You would think with the popularity of burgers, fries and hot dogs that good or even great examples would be abundant. However, we’ve gotten so used to fast food mediocrity that we barely notice. Of course, franchised food is comfortingly predictable and the price is right, but mass production is a gastronaut’s enemy. And despite this proclamation, I can’t claim innocence when it comes to scarfing down chain burgers; I’ve had more than my share of Big Macs and Whoppers.
But if you’re asked, as I now am, to apply critical faculties to every calorie that passes your lips, this is a food category fraught with peril. So what happens when a restaurateur doing burgers and dogs decides to aim high? The answer is Engine No9.
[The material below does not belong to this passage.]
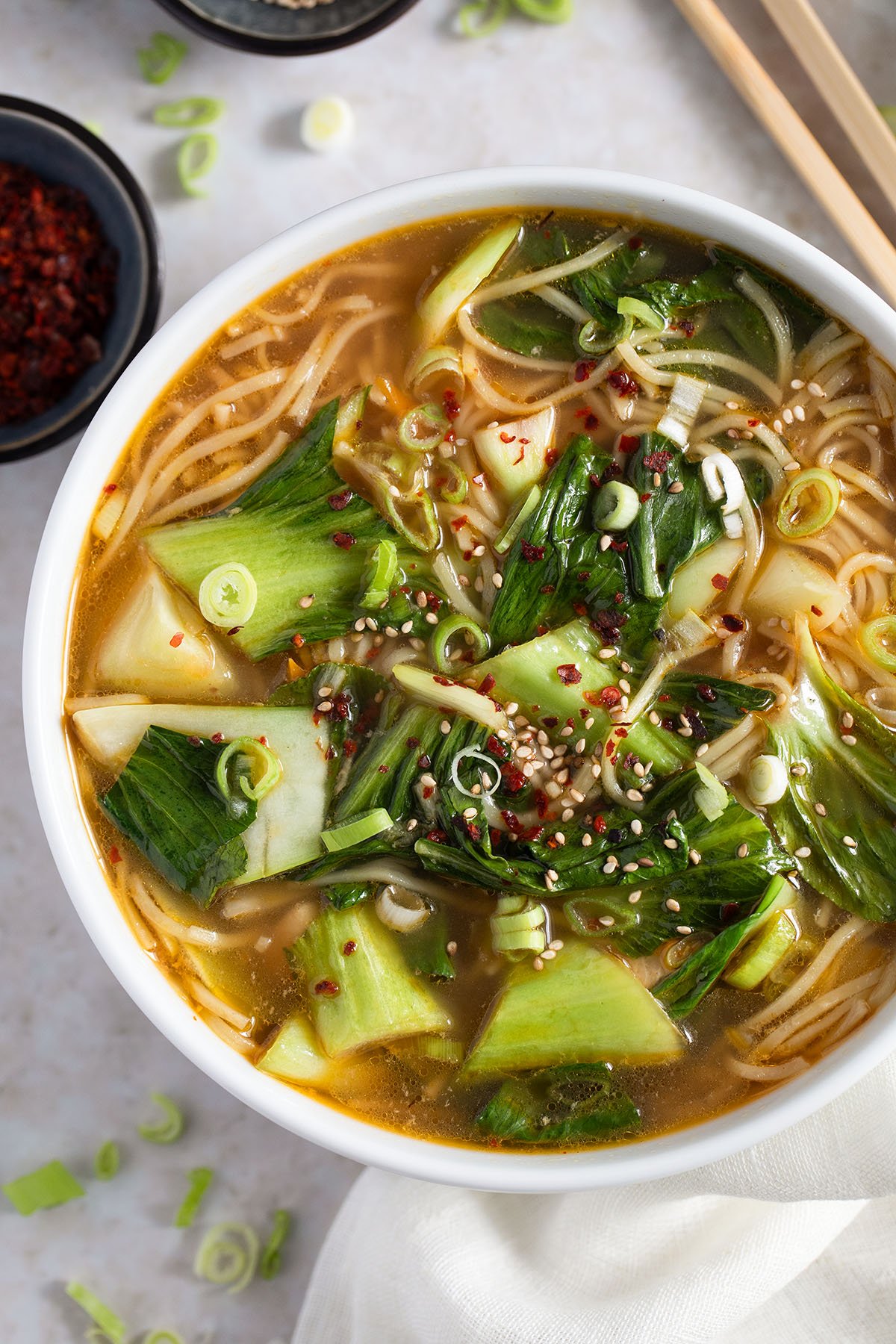 chicken noodle soup asian style in a bowl with small bowl and chop sticks around it.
The sleek sports bar has bright fire engine red walls, but a “very comfortable uncluttered clean atmosphere that sports fans both male & female will appreciate.” The clearly stated goal: prime sports, prime burgers. And they deliver in spades.
The burgers are sublime.
They all begin with eight juicy ounces of prime Black Angus beef; but that’s merely where the fun begins. There are, count ’em, 20 fabulous options that even include grilled portabella for vegetarians and seared ahi tuna for fish lovers. The “simple” end of the prime beef menu touts the “chili burger” topped with shredded jack and cheddar cheese or perhaps a classic crispy bacon cheeseburger with melted sharp smoked cheddar.
Your burger comes with the difficult choice of terrific sweet potato fries, tater tots, or thin-cut pencil fries. There’s also a cucumber salad for the carb averse.
But after these recognizable menu staples, the craziness begins. Will you crave the “black flag” blackened with Cajun spices and topped with pepper jack cheese and fire roasted red peppers? Or perhaps the “demi-god” with cheddar, Swiss, sautéed mushrooms, caramelized onions and horseradish mayo? I particularly like the “wine-o” with red wine barbecue sauce, bacon, aged white cheddar and fried onions. Also delicious is the “chubby duck” with caramelized onions, smoky pancetta, Brie, foie gras and duck cracklings. Every choice has a wonderful flavor combo to make your taste buds happy.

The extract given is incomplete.